When you return the lines below, go from the first through the line with "Vineyard Vines Vineyard", keep them exact, and leave out every picture.

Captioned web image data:

━━━

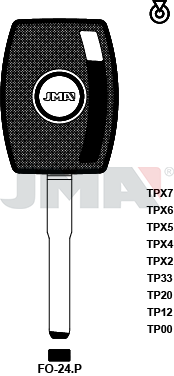 Transponder-Schlüsselrohling - TP00FO-24.P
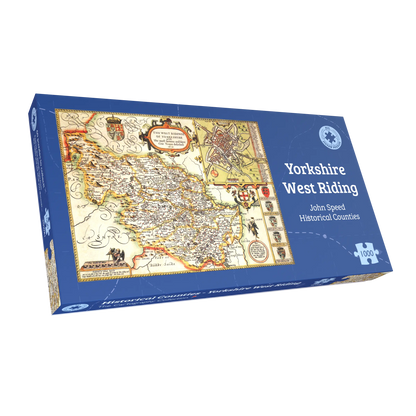 Puzzle 1000 pièces, carte historique du Yorkshire West Riding (1610)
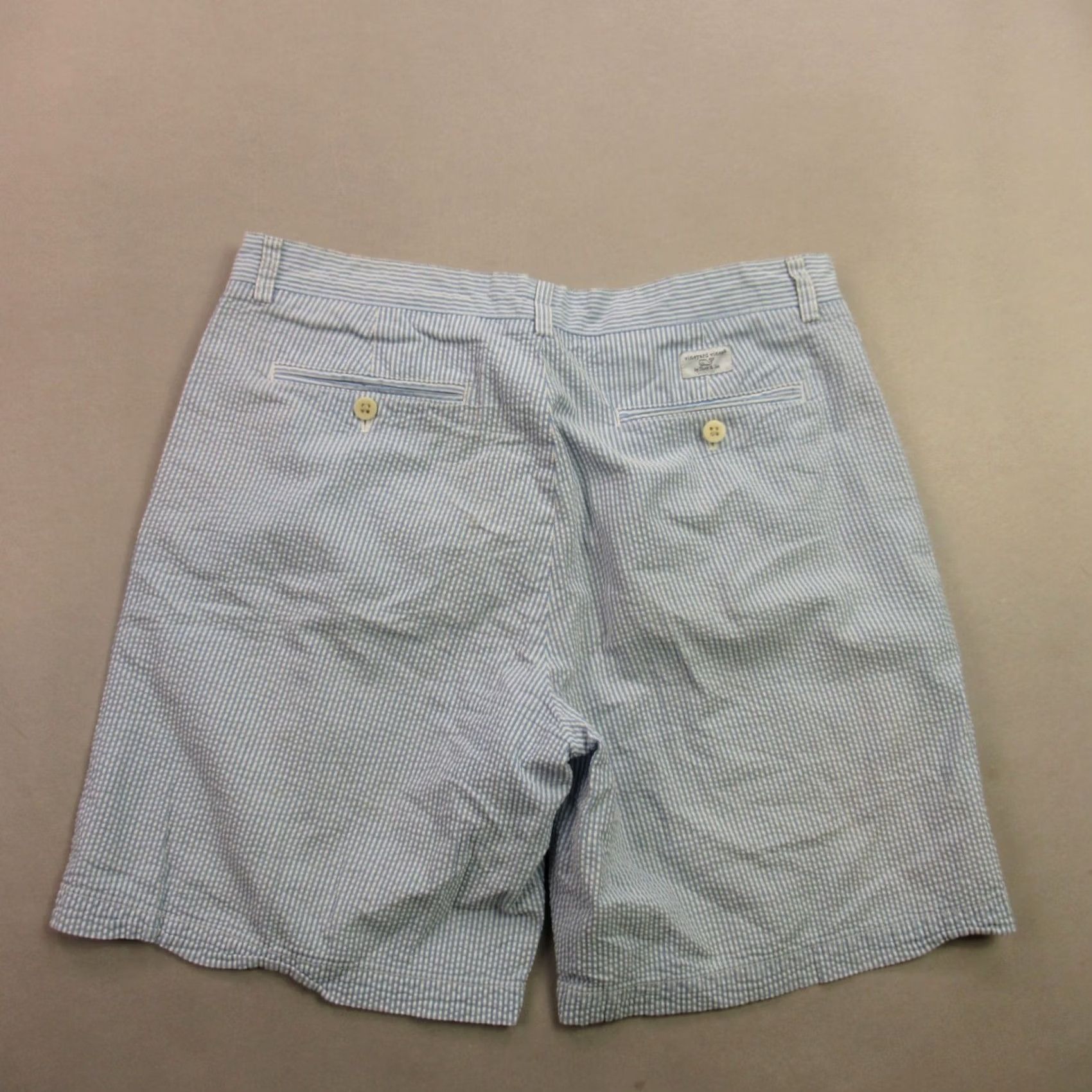 Vineyard Vines Vineyard Vines Shorts Mens 34 Blue Stripes Chino Pockets Hiking Lightweight Short Size US 34 / EU 50 - 5 Thumbnail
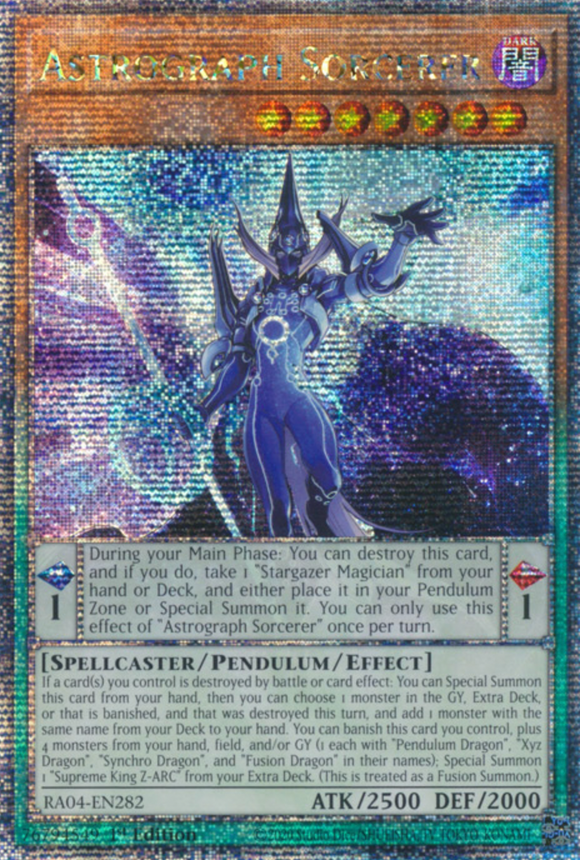 Astrograph Sorcerer - RA04-EN282 - Quarter Century Secret Rare 1st Edition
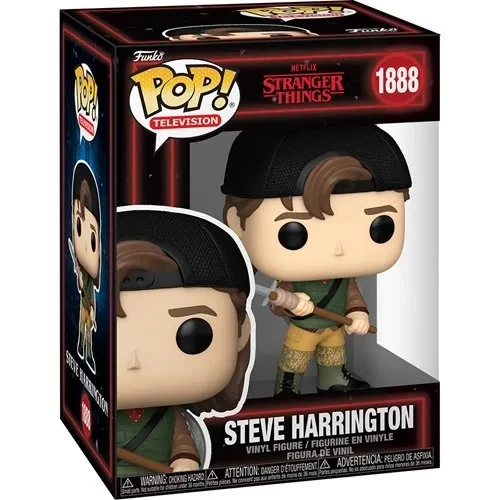 Funko Pop! Steve Harrington #1888  Stranger Things  Vinyl + Protector PRE-SALE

━━━

*REPLY*.
 Transponder-Schlüsselrohling - TP00FO-24.P
 Puzzle 1000 pièces, carte historique du Yorkshire West Riding (1610)
 Vineyard Vines Vineyard Vines Shorts Mens 34 Blue Stripes Chino Pockets Hiking Lightweight Short Size US 34 / EU 50 - 5 Thumbnail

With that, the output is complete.